Data for review>
________________
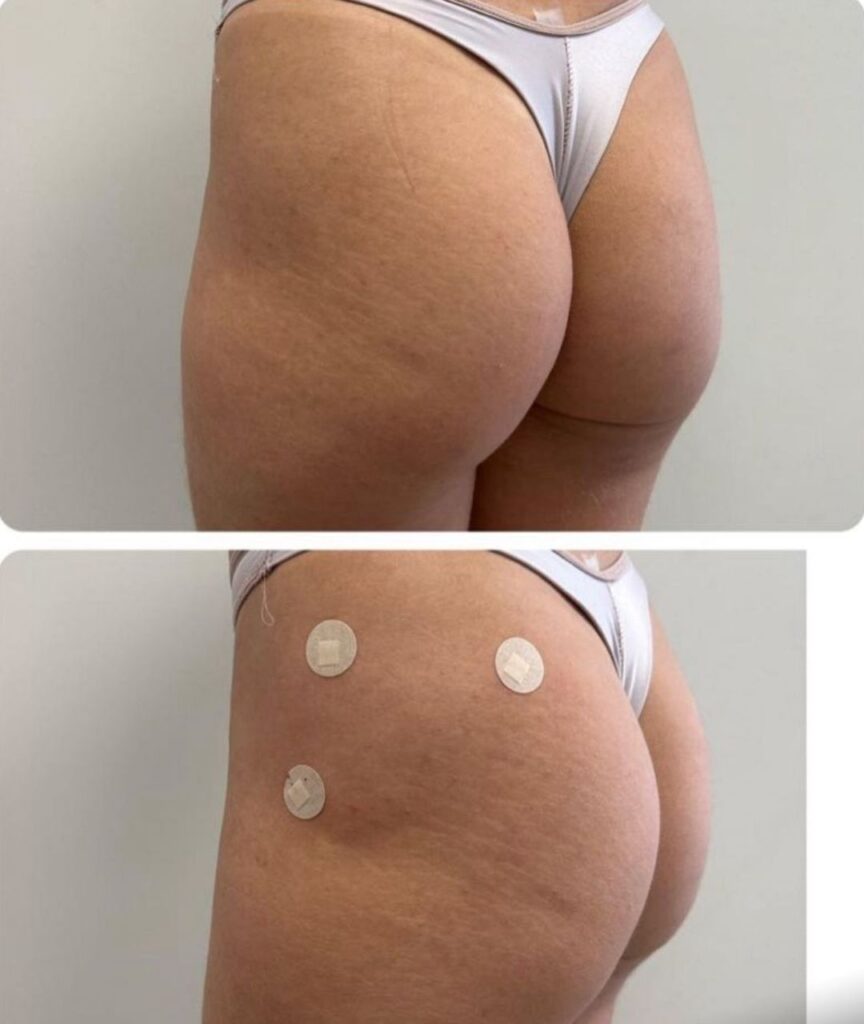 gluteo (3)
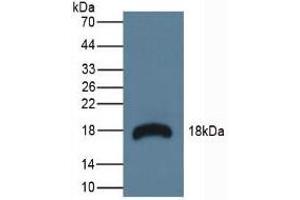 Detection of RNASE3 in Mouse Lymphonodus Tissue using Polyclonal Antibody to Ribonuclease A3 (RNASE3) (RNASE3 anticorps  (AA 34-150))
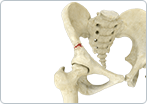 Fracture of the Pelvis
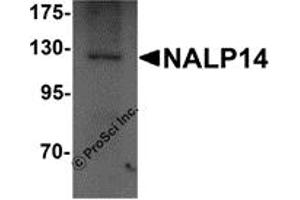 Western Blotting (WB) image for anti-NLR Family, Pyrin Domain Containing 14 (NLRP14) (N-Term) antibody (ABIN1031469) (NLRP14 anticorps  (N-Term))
________________
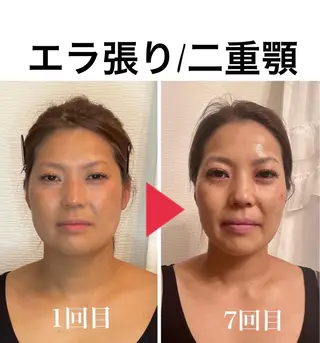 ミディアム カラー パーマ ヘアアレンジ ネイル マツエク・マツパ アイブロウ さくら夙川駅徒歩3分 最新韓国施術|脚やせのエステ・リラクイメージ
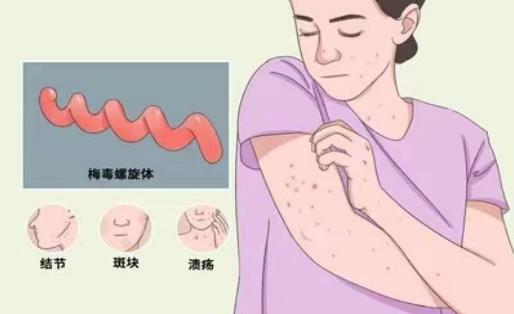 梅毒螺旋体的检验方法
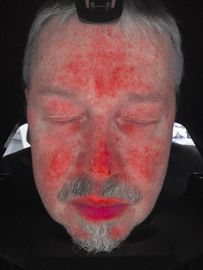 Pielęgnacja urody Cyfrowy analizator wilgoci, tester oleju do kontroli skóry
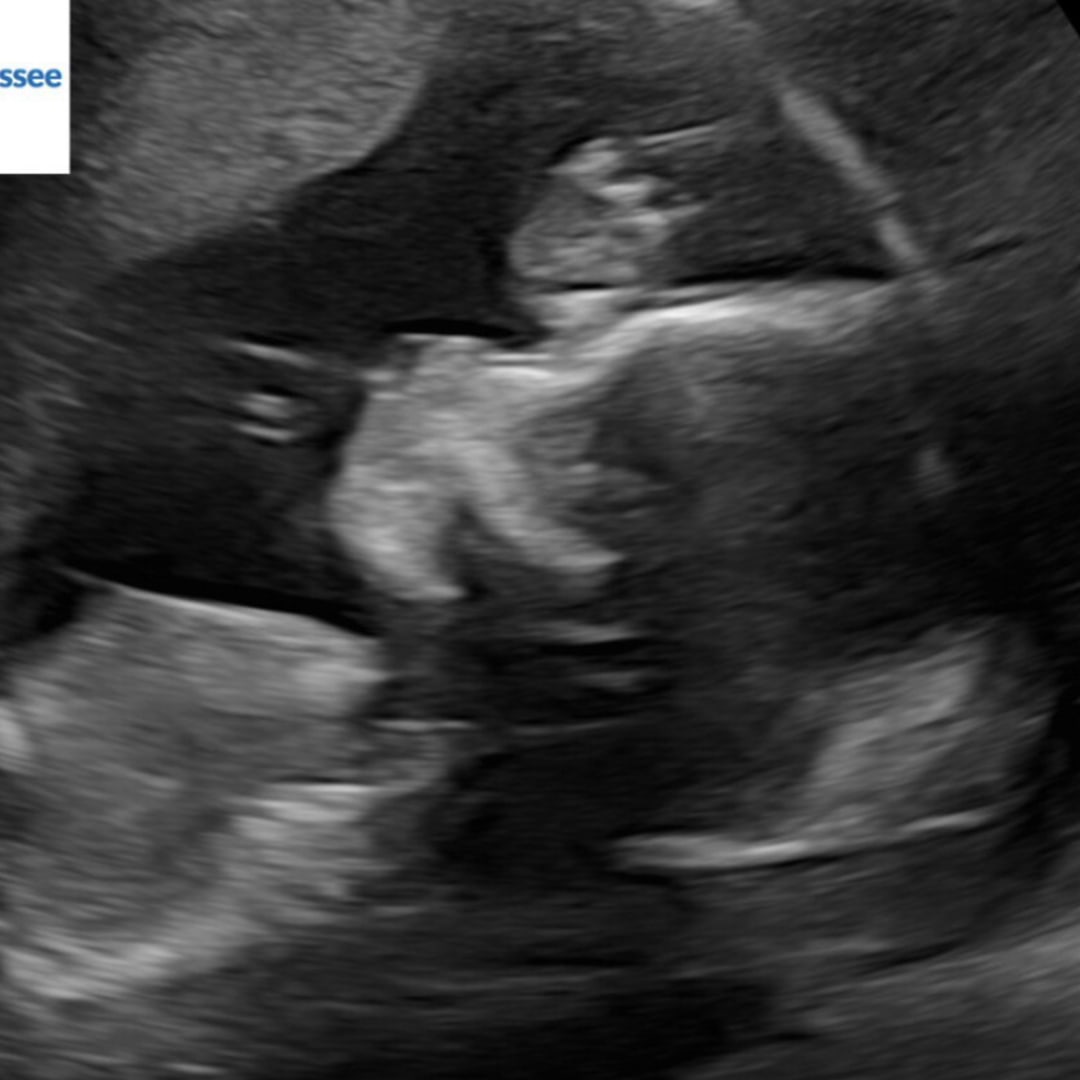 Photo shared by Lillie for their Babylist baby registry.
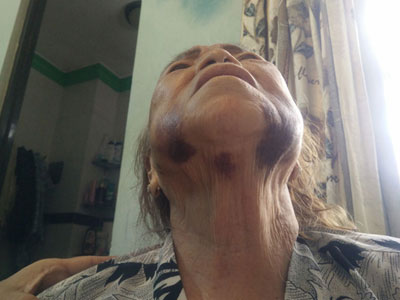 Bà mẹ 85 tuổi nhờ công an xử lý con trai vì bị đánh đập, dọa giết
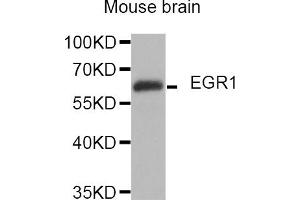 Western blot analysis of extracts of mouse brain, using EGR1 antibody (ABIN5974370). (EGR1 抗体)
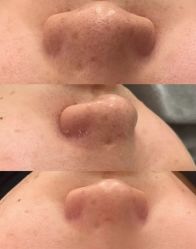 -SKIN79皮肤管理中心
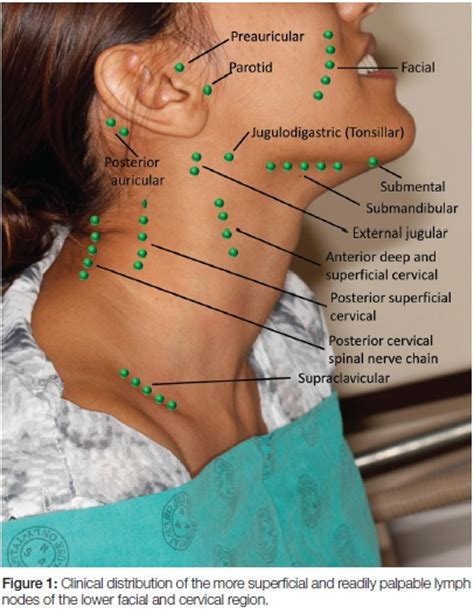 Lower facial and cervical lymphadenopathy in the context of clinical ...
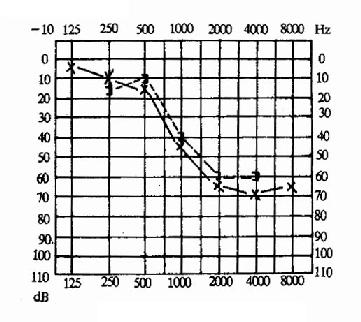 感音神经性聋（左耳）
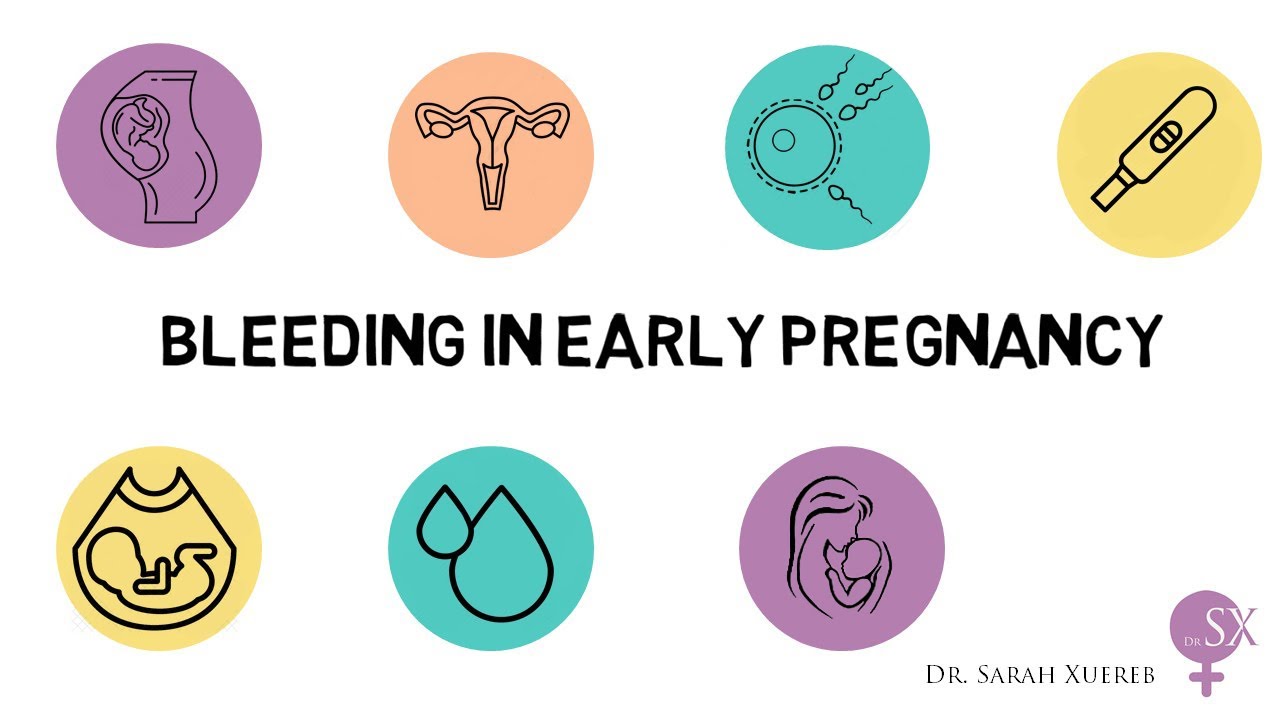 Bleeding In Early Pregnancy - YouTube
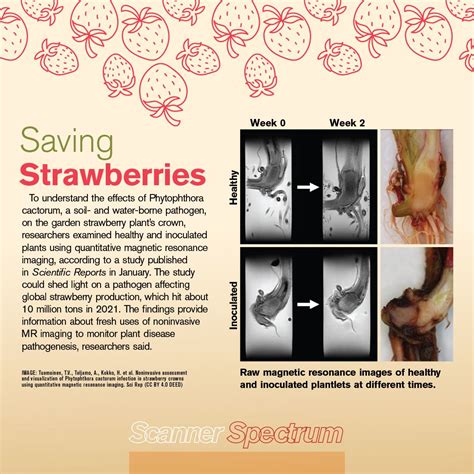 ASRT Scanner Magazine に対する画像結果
________________
Activity> After locating the line containing "Western blot analysis" in the entries above, return it and every line after it exactly, ending at the line containing "ASRT Scanner Magazine に対する画像結果", without pictures.

Solution for this exercise>
 Western blot analysis of extracts of mouse brain, using EGR1 antibody (ABIN5974370). (EGR1 抗体)
 -SKIN79皮肤管理中心
 Lower facial and cervical lymphadenopathy in the context of clinical ...
 感音神经性聋（左耳）
 Bleeding In Early Pregnancy - YouTube
 ASRT Scanner Magazine に対する画像結果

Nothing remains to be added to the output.